Heutige Solarzellen dank überraschender Entdeckung
Am Anfang der heutigen Solarzelle steht eine überraschende Entdeckung von US-Wissenschaftern der «Bell-Telephone-Laboratorien» in New Jersey Anfang der 1950er-Jahre. Sie bemerkten, dass Gleichrichter, die mit Silizium arbeiteten, mehr Strom lieferten, wenn sie im Sonnenlicht standen. Silizium, auch Quarzsand genannt, ist das zweithäufigste Element in der Erdkruste und der Gleichrichter ein Bauteil, welches Wechselstrom oder Drehstrom in Gleichstrom umwandelt. Das ist für Wandlung von Sonnenenergie in Strom entscheidend.
Morton Price bei Bell fand heraus, warum mehr Strom entstand, wenn Sonne auf das Silizium strahlt, und so entwickelte die Firma Bell aus dieser Entdeckung heraus 1953 die ersten Solarzellen aus Silizium. Der Wirkungsgrad lag noch bei bescheidenen 4 Prozent. Aber schnell erkannte die Raumfahrt den Nutzen der Solartechnik und rüstete schon 1958 die ersten Satelliten mit Solarzellen aus. Diese besassen bereits einen Wirkungsgrad von 10,5 Prozent. Heute sind es bei monokristallen Solarzellen etwa 22 Prozent.

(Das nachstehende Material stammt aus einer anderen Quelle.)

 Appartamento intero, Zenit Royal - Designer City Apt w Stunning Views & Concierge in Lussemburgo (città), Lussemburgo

Den Effekt der Photovoltaik hatte der deutsche Physiker und Nobelpreisträger Philipp Lenard aber schon 1904 erklärt. Er entdeckte, dass Lichtstrahlen beim Auftreffen auf bestimmte Metalle Elektronen aus deren Oberfläche herauslösen. Trifft Sonnenlicht also auf bestimmte Zellen, werden Elektronen in der Zelle angeregt. Sie wandern über ein Kabel und es fliesst Strom so wie später in Bells Solarzellen.
Lachgas und sein Siegeszug als Narkosemittel
Im 18. Jahrhundert versuchten sich nur wenige Mediziner an chirurgischen Eingriffen. Denn für die Patienten waren diese mit höllischen Schmerzen verbunden, Narkosemittel gab es damals noch keine. Manche Mediziner griffen zu brachialen Methoden, alkoholisierten etwa ihre Patienten oder verpassten ihnen Schläge, sodass sie ohnmächtig wurden.

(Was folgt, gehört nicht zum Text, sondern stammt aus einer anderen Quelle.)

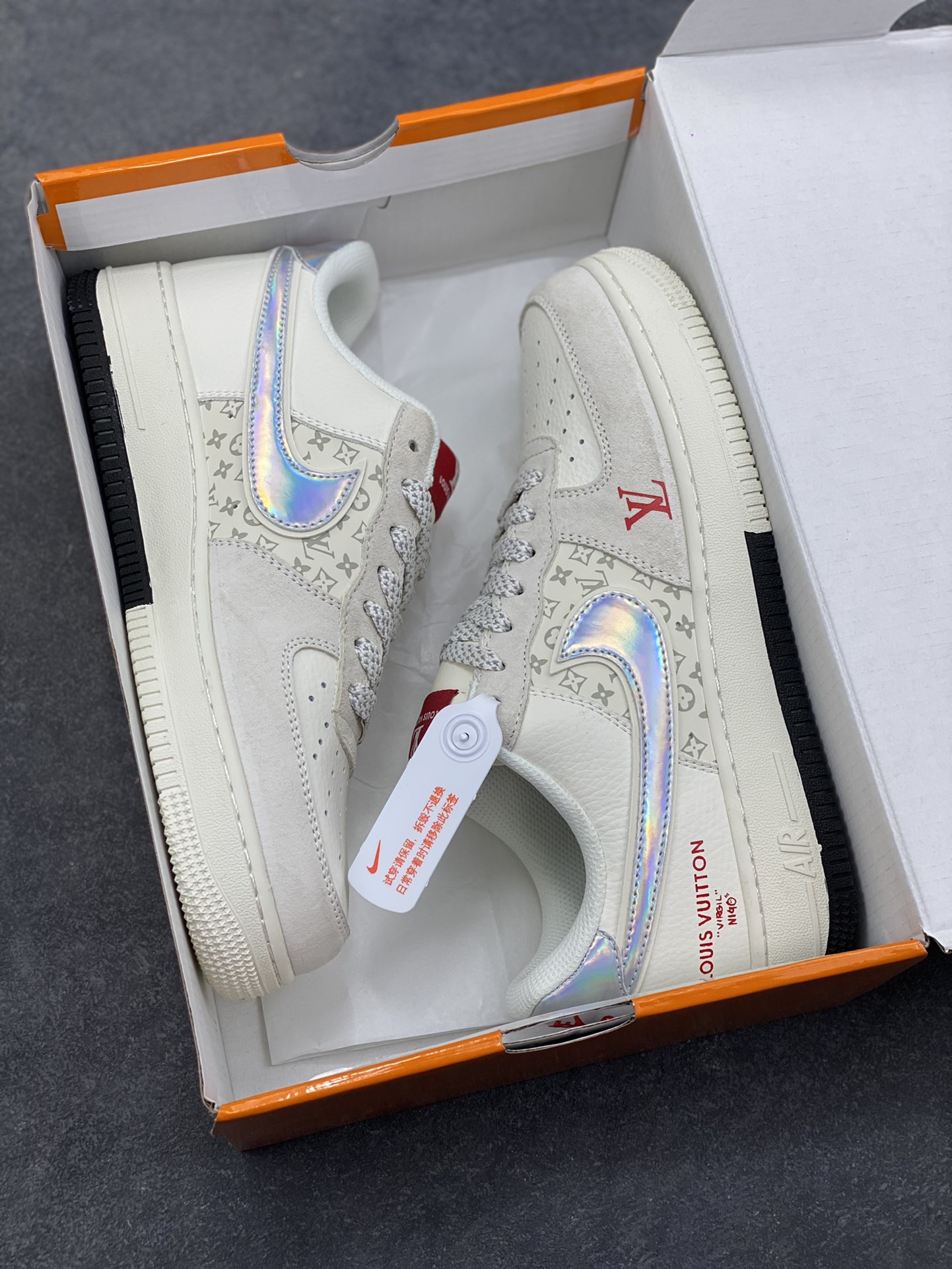 图片[9]-经典碰撞，奢潮新章！当Nike Air Force 1的街头基因遇上Louis Vuitton的高定奢韵，这双联名款球鞋便成了潮流与奢华的完美融合体。米白麂皮与压纹Monogram皮革拼接出细腻层次，镭射炫彩Swoosh Logo在光线下折射出幻彩光晕，红标LV字母与鞋侧“LOUIS VUITTON”字样形成视觉点睛，黑白撞色中底则延续了AF1的经典轮廓。每一处细节都揉合了街头的随性与高奢的精致，既是对经典鞋型的全新演绎，也是奢潮跨界的标志性作品，上脚即刻成为造型焦点，让你在潮流棋局中站稳独特步调。 货号：KD6699-F05 尺码：36 36.5 37.5 38 38.5 39 40 40.5 41 42 42.5 43 44 44.5 45-选品中心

Zu dieser Zeit ging der Zahnarzt Horace Wells an eine Veranstaltung, an der die Freizeitdroge Lachgas konsumiert wurde. Besonders viel davon nahm Sam Cooley, ein örtlicher Drogerieangestellter, ein. Wells beobachtete, dass sich der Mann schwer an seinem Bein verletzte – aber offensichtlich keine Schmerzen verspürte. Fortan behandelte Wells seine Patienten unter dem Einfluss von Lachgas. Das traurige Ende der Geschichte: Der Pionier Anästhesie wurde süchtig nach seinem Produkt und starb.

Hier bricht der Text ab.